## What you need to do
Pictures stay out. Everything else in the listing below gets written out exactly.

## Given information
--

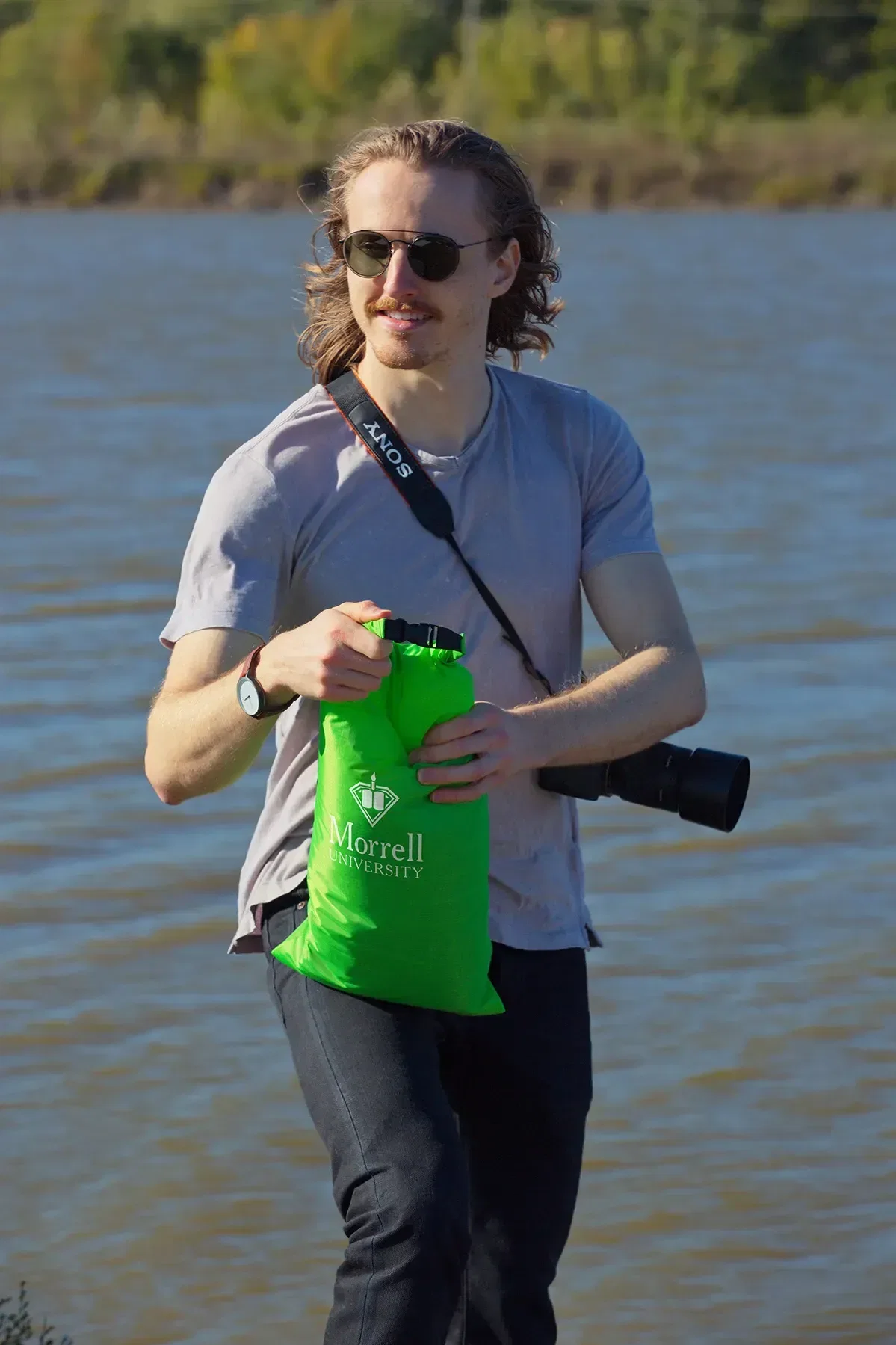 30D Nylon Water-Resistant Gear Bag held in hand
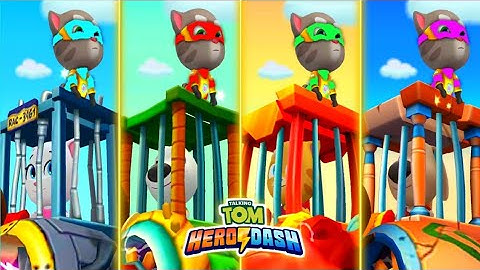 Talking Tom Hero Dash : Super Hero Tom Colourfull Suit - Prison Saving All Heroes _ Full Gameplay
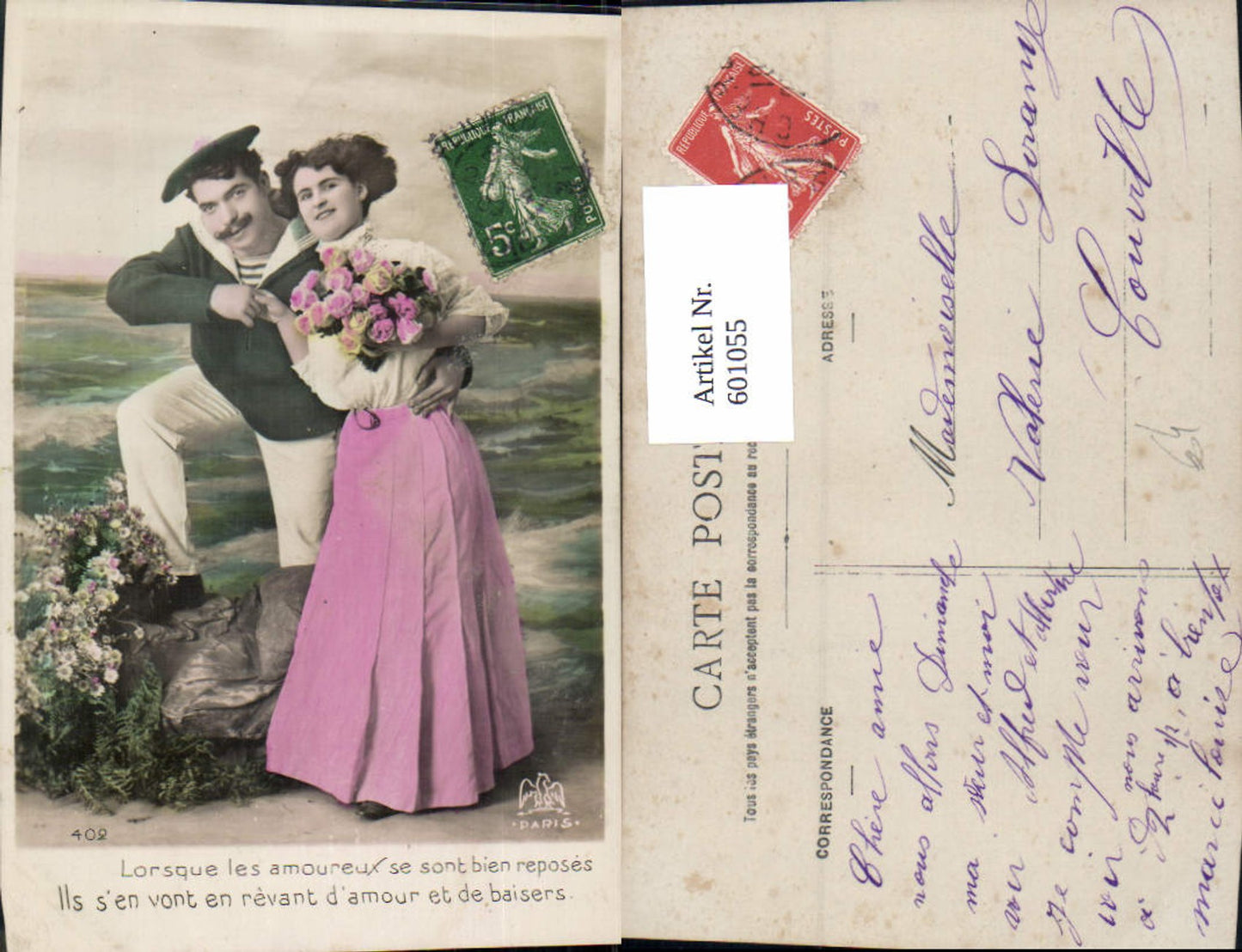 601055,Paar Liebe Matrose Umarmung Blumen Rosen Spruch Text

--

## Exercise result
 30D Nylon Water-Resistant Gear Bag held in hand
 Talking Tom Hero Dash : Super Hero Tom Colourfull Suit - Prison Saving All Heroes _ Full Gameplay
 601055,Paar Liebe Matrose Umarmung Blumen Rosen Spruch Text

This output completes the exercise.